There are seven newspapers, and five  FM radio stations in the country. The only television broadcasting station is BBS.

More than 80 journalists, including 20 from the print media, quit journalism in the past year. BBS alone lost 60 employees with news reporters, producers, camerapersons, and editors resigning from their jobs.

Low salaries,  poor working environment, and difficulty in getting information are seen as factors influencing journalists to seek other careers or leave the profession for opportunities overseas.

In August 2022, JAB asked journalists to rate various government agencies based on access to information. Of the 30 respondents, 24 said that access to information was worse than in previous years.
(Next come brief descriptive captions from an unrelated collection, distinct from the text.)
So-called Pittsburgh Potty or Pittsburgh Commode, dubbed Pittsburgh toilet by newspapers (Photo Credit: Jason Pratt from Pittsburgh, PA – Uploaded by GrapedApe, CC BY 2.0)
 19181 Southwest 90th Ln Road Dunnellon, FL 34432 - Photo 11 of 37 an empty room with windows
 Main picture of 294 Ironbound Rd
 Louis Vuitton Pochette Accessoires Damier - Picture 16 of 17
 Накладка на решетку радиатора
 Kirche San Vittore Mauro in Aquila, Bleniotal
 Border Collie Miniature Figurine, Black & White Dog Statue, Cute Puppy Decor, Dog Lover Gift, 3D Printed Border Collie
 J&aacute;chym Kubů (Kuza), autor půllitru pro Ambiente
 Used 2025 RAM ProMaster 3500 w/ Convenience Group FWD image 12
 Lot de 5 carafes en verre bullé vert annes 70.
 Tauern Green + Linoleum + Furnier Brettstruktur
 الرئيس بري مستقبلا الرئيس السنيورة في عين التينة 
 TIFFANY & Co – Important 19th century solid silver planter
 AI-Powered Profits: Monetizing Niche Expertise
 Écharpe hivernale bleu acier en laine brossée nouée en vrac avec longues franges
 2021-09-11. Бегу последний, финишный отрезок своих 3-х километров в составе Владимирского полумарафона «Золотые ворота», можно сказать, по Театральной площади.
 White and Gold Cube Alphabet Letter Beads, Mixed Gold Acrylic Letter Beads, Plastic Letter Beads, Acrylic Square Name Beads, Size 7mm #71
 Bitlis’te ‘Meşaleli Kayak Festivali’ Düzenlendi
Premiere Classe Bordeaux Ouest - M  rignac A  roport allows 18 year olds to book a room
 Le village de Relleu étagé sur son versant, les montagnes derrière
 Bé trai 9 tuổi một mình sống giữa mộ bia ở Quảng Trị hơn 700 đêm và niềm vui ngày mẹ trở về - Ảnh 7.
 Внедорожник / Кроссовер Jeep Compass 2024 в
The survey found that the Prime Minister’s Office received the highest rating, while RCSC and Thimphu Municipal Office shared the worst.

Many media professionals agreed that the elected government is more open than bureaucrats when it comes to sharing information.


The bottleneck

Bhutan Civil Service Rules (BCSR), restricts civil servants from criticising or undermining government policies, programmes and actions in public or through the media. In July 2022, RCSC which is the central personnel agency of the government, introduced the Administrative Disciplinary Actions (RADA).

RADA is mainly to deal with civil servants who disclose critical information to an unauthorised person, audience, platform or forum and those who use official information for personal gains.  “Strict enforcement of these new rules has further discouraged civil servants and officials from talking to the media even when they are only sharing necessary information to keep the public informed,” said Rinzin Wangchuk.

The Anti-Corruption Commission has also come up with a model code controlling public servants, which means they could face disciplinary action or criminal sanctions if they share official information, including non-confidential information, without authorisation.

In 2022, the National Assembly also issued a rule prohibiting the media from interviewing MPs during the session.

A senior journalist said that the rules are misinterpreted to stifle the media. “Nobody is willing to talk to the media even if they know it is important for public interest,” he said. “They ask us to write stories, but are afraid to share information.”


Way forward

Reporters said that government institutions and ministries have a responsibility to appoint media spokespersons and conduct regular press briefings, and also relax restrictions on official communications and set a timeline to share public information.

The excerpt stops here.